=== Data ===
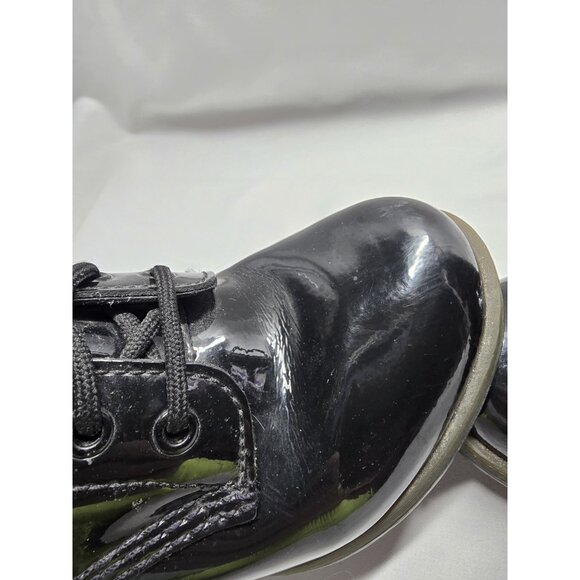 Dr. Martens Women's Dee Limited Edition Diva Collection 14-Eye Black US 7 L UK 5 - Picture 12 of 16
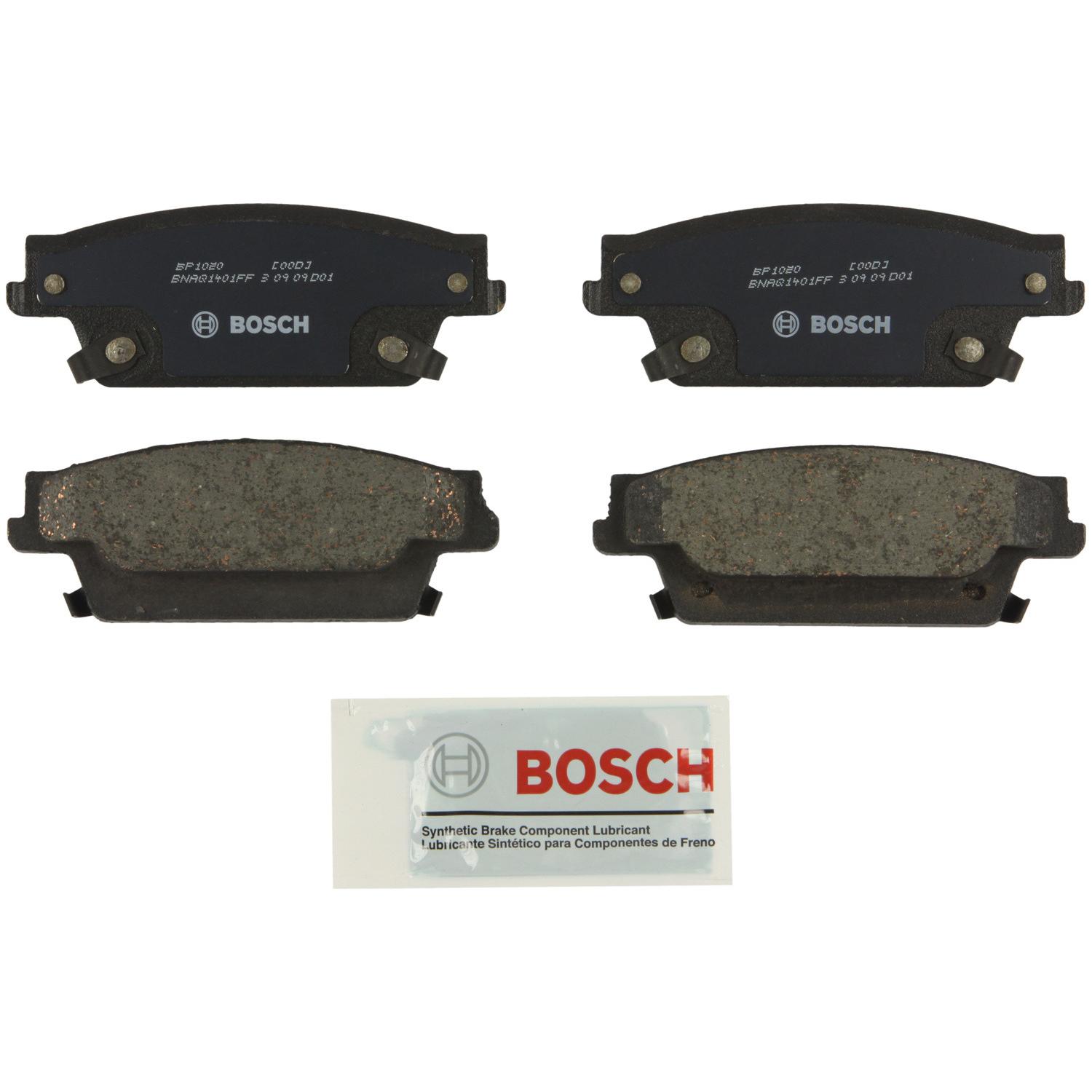 Bosch BP1020 - Disc Brake Pad Bosch BP1020 Disc Brake Pad product image 2 of 2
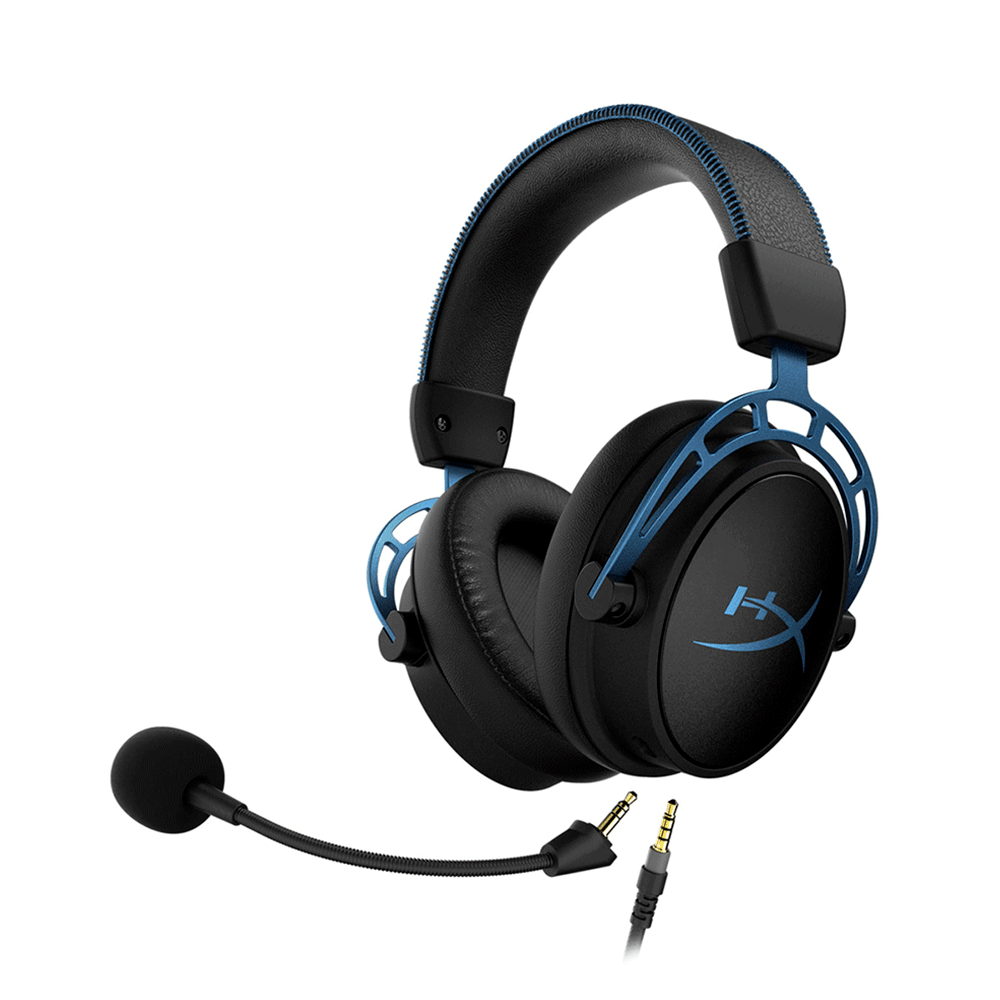 Headset HyperX Cloud Alpha S Gaming - Fujioka Distribuidor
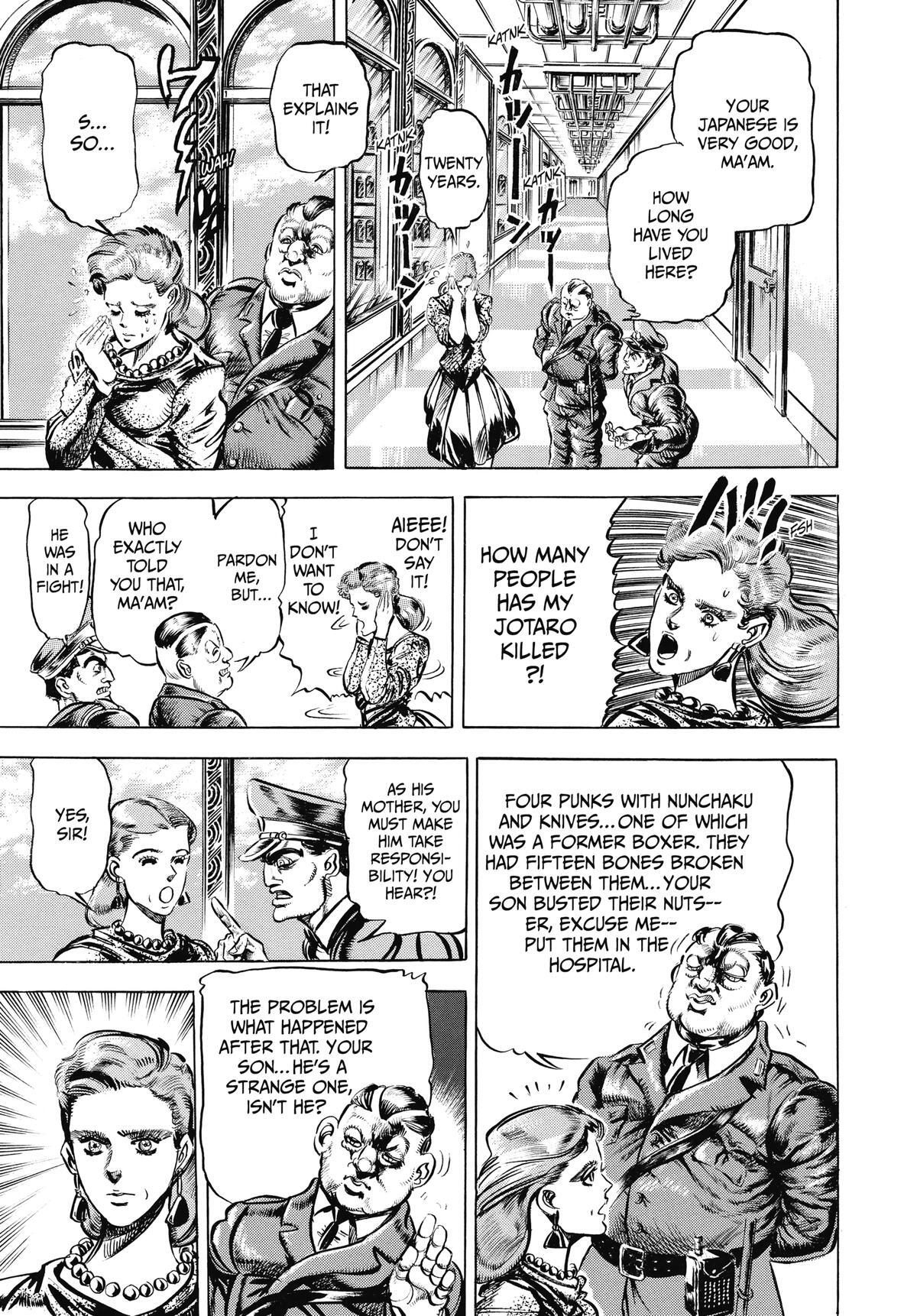 Read JoJo no Kimyou na Bouken- Part 3 - Stardust Crusaders Manga Online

=== The task ===
The copy should hold, exactly, the lines from the one containing "Bosch BP1020 - Disc" to the final line of the listing above, with both ends present and no pictures.

=== Exercise output ===
 Bosch BP1020 - Disc Brake Pad Bosch BP1020 Disc Brake Pad product image 2 of 2
 Headset HyperX Cloud Alpha S Gaming - Fujioka Distribuidor
 Read JoJo no Kimyou na Bouken- Part 3 - Stardust Crusaders Manga Online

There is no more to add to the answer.